Devido aos efeitos defasados da política de juros sobre a economia, o Copom tem hoje a inflação do primeiro trimestre de 2027 na mira.
No cenário de referência do Copom, as projeções de inflação para este ano e para o próximo se mantiveram em 4,9% e 3,6%, respectivamente. Para o 1º trimestre de 2027, a estimativa é de 3,4%, acima do centro da meta.
O comitê reiterou que os riscos para a inflação, tanto de alta quanto de baixa, estão mais elevados do que o usual.
Entre os fatores que puxariam os preços para cima, citou a possibilidade de as expectativas de inflação seguirem longe da meta por período mais prolongado e a chance de maior resiliência na inflação de serviços em função de um hiato do produto mais positivo quando a economia continua operando acima do seu potencial e sujeita a pressões inflacionárias.
Mencionou também no balanço possíveis impactos provocados por políticas econômicas dentro e fora do Brasil, como uma depreciação do câmbio de forma persistente.

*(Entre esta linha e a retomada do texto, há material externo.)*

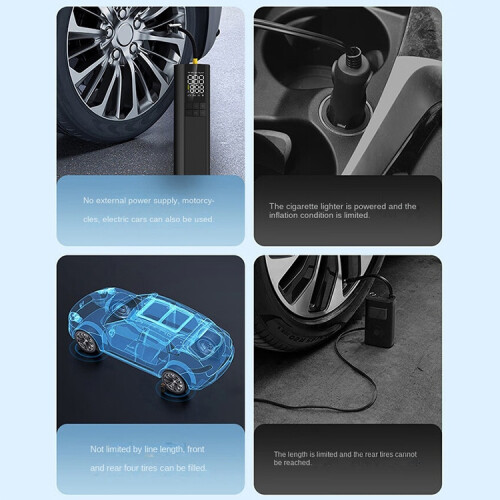 T6 Tragbare, kabellose Auto-Luftpumpe mit Display (Schwarz):T6 2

Entre os vetores que levariam os preços para baixo, voltou a falar sobre a possibilidade de desaceleração da atividade econômica doméstica mais acentuada do que a prevista e sobre um recuo global mais forte devido a um choque de comércio e do aumento da incerteza. Repetiu também a chance de alívio na inflação se houver queda nos preços das commodities.
O Copom, que hoje é composto majoritariamente por representantes indicados pelo governo de Luiz Inácio Lula da Silva (PT) -com sete dos nove membros-, volta a se reunir nos dias 16 e 17 de setembro.